What is a mother vessel
Atherosclerosis arises differently than expected
Professor Axel Haverich is a very well-known cardiac surgeon and director of the Clinic for Cardiac, Thoracic, Transplant and Vascular Surgery at the Hannover Medical School (MHH).
The cardiologist journal "Circulation" has now given him the opportunity to make his personal ideas about the development of atherosclerosis known to a wider public under the heading "On my mind".
Haverich intends nothing less than to give atherosclerosis research a new direction - and in a very concrete sense: While according to current understanding, the process of atheromatous change in the vascular wall runs from the inside to the outside - namely from the lumen-side intima into deeper wall layers , according to Haverich's theory, the direction is exactly the opposite, namely from the outer wall of the arteries to the media and intima.
This development starts with the degeneration of tiny supply vessels in the outer wall layer called adventitia.
Research has spawned many theories
For more than a century, researchers have struggled to decipher the pathogenesis of atherosclerosis.

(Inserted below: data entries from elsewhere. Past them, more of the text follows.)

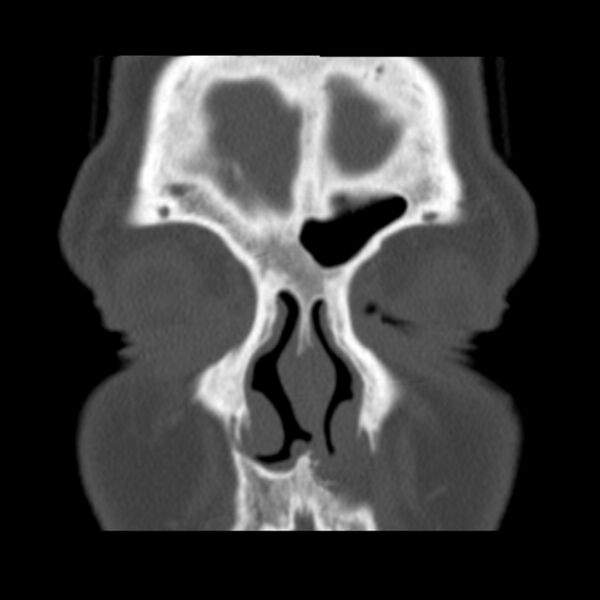 File:Nasolabial cyst (Radiopaedia 33987-35205 Coronal bone window 24).jpg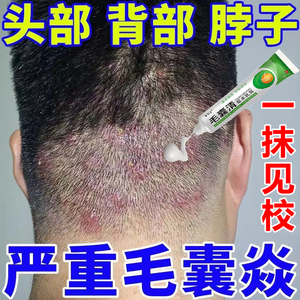 头皮毛囊炎专用药头皮有红疙瘩身上起痘痘前胸后背长痘除螨止痒膏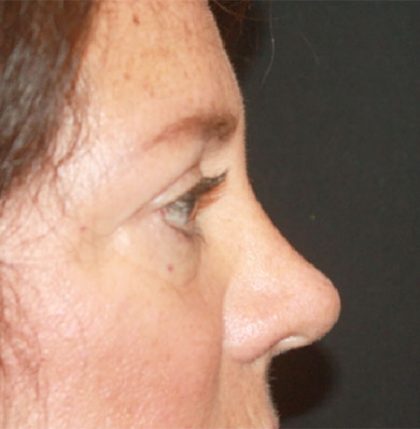 Blepharoplasty Before & After Patient #24924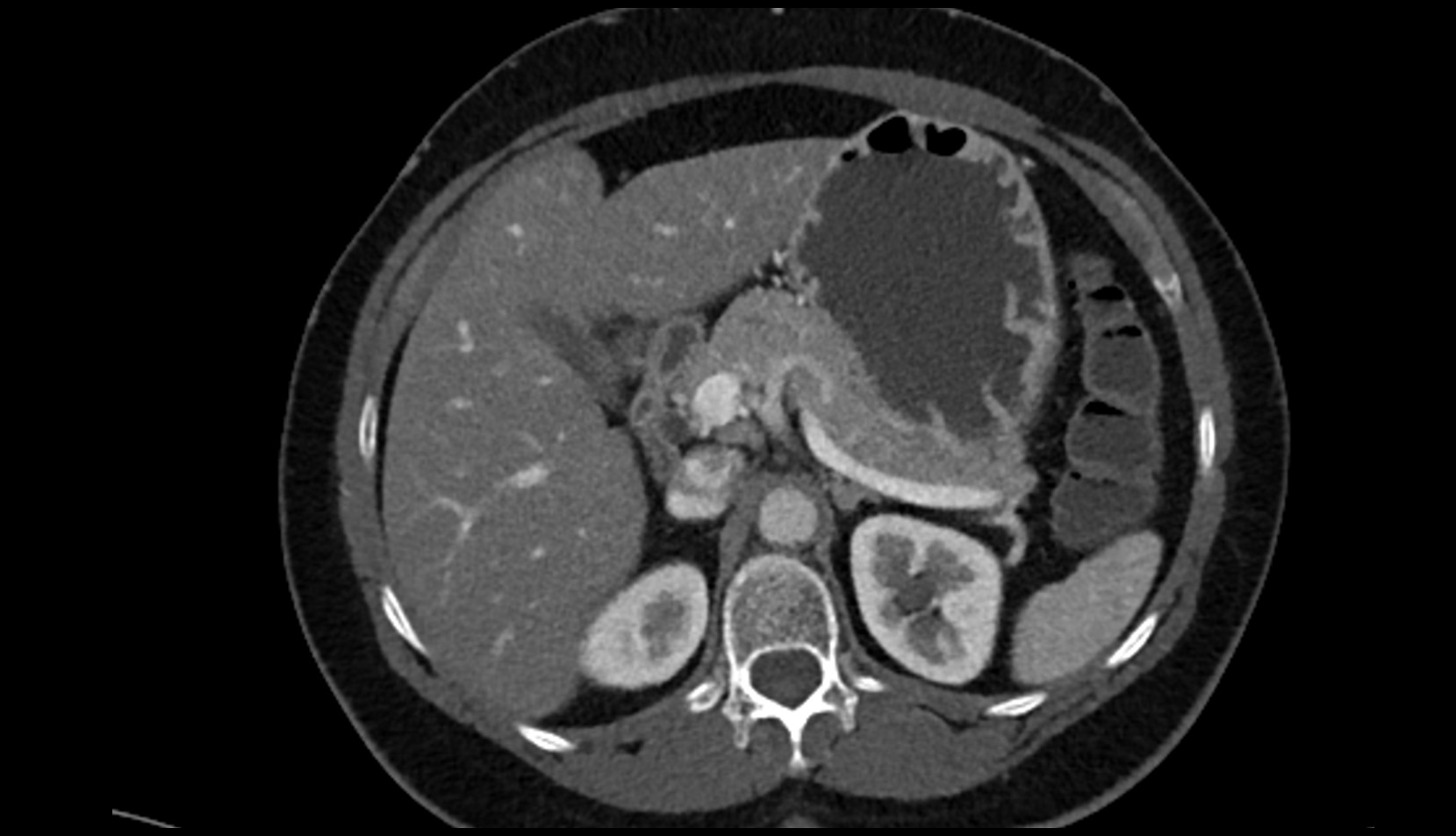 Right gastric artery ct axial image 1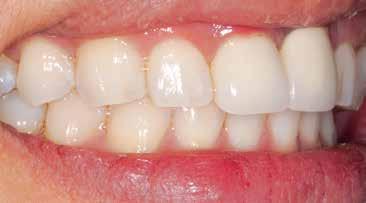 The condition of the gingiva suggested a possible base metal
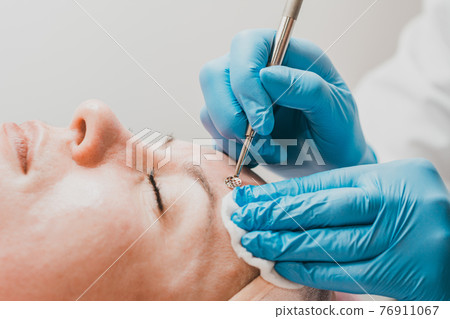 Mechanical facial cleansing, skin cleansing procedure from surface and deep impurities. 76911067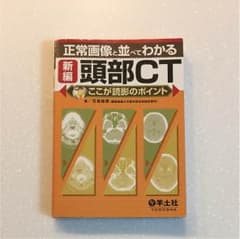 正常画像と並べてわかる頭部CT  羊土社のサムネイル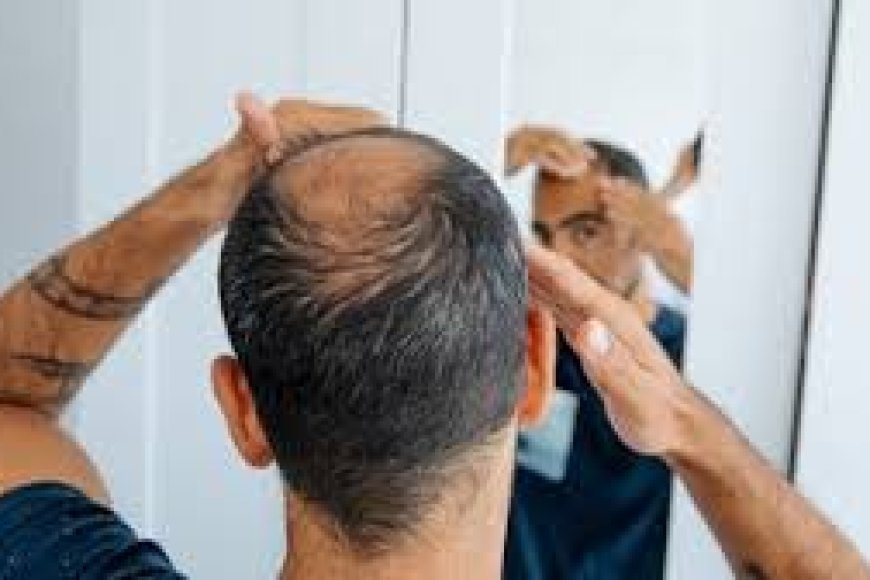 Scientists finally discover sugar that cure male baldness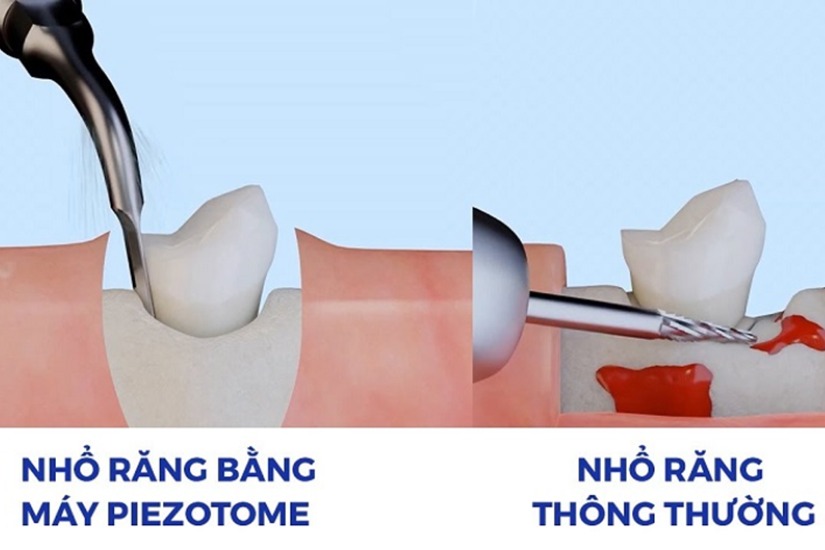 Nhổ răng khôn khó Nhổ răng khôn khó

Many theories arose from this. More recently, the "response to injury" hypothesis propagated by the American researcher Russell Ross has met with approval.
Thereafter, tiny injuries to the intima, which consists of an endothelial cell layer, set the atherosclerotic process in motion. These injuries can therefore have many causes such as high blood pressure, damage from bacterial toxins, viruses or antigen-antibody reactions.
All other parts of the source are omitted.